Two people were elected each year to become the consuls, they who had supreme power over both civil and military. The prime minister of Greece was the head of government, while the Romans had two magistrates called consuls. Greece and Rome were both seen as major political and military powers in the Mediterranean. They also both held a powerful senate. Religiously, Greeks worshiped many gods and godesses, while the Romans were polytheistic. The Romans believed that the soul could not rest until the body is laid to rest, so the body had to be barrier or cremated.

The Greeks believed that at the moment of death, the spirit of the dead left your body in a little puff or wind. But in similarity, they both worshiped the same gods, Rome just changed the names of each god. Intellectually, Education was very important to Romans. The higher class got a formal education, while the lower classes did not receive one. I Greece, education was a must, they believed the purpose of education was to produce citizens trained in the arts, and to prepare them for both peace and war. Roman art is mainly sculpture, pottery, and painting.

Greek art mainly includes painting, sculpture, architecture, coin design, and pottery. Virtually every branch of knowledge came from Greece and Rome. Both the Greeks and Romans have been known to be the creators of natural sciences and philosophy. Some of the basic things that the Greeks created were screws, crains, coins, locks, and the thermometer. Romes basic inventions were central heating, roads, indoor pluming, improved weapons and tactics, and barrel vaults. Often times, Greek communities developed independently because of the mountains.

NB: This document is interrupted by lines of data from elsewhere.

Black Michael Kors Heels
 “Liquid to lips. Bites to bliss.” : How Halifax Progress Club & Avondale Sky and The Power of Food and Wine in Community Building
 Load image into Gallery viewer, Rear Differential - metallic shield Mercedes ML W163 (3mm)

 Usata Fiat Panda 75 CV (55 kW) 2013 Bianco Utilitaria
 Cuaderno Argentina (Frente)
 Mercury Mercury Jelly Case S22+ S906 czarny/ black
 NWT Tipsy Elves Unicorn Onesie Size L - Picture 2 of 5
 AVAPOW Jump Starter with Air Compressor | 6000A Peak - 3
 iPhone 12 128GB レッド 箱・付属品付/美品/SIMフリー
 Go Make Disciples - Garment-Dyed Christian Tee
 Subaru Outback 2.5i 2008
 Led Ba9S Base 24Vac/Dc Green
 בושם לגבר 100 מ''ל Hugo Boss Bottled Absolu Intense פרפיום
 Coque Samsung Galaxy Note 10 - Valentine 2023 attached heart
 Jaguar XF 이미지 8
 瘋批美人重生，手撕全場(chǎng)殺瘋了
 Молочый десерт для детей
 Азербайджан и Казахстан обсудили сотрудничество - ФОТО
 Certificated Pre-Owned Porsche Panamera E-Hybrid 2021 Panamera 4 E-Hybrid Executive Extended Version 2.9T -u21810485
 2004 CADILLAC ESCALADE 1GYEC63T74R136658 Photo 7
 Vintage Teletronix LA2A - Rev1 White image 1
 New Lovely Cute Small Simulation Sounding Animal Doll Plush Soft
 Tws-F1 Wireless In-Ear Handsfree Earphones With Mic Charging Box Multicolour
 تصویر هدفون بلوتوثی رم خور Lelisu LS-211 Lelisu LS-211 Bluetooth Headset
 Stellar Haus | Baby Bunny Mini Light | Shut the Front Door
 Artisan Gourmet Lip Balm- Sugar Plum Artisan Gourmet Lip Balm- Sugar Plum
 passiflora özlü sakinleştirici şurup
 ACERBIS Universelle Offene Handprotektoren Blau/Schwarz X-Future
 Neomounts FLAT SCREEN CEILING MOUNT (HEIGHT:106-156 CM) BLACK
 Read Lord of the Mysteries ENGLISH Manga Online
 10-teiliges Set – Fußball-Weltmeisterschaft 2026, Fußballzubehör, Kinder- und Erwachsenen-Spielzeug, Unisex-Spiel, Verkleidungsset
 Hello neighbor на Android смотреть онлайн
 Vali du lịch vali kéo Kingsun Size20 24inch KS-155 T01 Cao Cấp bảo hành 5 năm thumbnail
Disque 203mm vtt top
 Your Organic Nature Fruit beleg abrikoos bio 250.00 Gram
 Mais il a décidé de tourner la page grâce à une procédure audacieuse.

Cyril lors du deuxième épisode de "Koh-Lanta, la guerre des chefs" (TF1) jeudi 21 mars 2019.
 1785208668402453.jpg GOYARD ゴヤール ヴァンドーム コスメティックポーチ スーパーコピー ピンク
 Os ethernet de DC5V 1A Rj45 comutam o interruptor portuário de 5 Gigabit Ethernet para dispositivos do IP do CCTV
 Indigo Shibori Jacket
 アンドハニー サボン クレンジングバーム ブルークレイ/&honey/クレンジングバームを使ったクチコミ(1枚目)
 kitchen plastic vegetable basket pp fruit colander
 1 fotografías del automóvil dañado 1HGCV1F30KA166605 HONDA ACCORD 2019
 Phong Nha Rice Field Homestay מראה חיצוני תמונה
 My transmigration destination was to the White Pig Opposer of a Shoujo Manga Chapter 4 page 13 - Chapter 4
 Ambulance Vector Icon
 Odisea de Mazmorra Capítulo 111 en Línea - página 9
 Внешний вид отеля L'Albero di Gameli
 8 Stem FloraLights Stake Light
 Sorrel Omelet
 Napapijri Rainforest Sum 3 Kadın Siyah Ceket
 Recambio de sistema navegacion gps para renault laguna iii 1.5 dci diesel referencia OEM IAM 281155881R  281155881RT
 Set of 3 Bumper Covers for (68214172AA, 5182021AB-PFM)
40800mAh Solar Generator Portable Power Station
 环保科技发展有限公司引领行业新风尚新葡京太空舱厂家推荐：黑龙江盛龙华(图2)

For trading, because due to the landscape it became necessary to get certain resources through exchange with other communities. The Romans on the other hand, they made their shield out of local natural sources like wood and copper. They also had olives to make olive oil from. Both Greeks and Romans used their natural resources to their advantage, like wood for fires and furniture, crops for food, and other useful resources. The economy of Greece, was characterized by the extreme importance of importing goods, all the more so because of the relative poverty of Greece’s soil.

The economy of Rome was based on agriculture, slaves, and trade. Industrial production was only a small part of their economic base. Both had some similar trading and some of the same values on trading. Greece and Rome had their differences, but in many ways they were surprisingly alike. Without traditions and inventions from both Greece and Rome, we would be no where close to what we are today. Therefore, Greek and Rome have impacted our world in a positive way, even though they have differences aside from their similarities.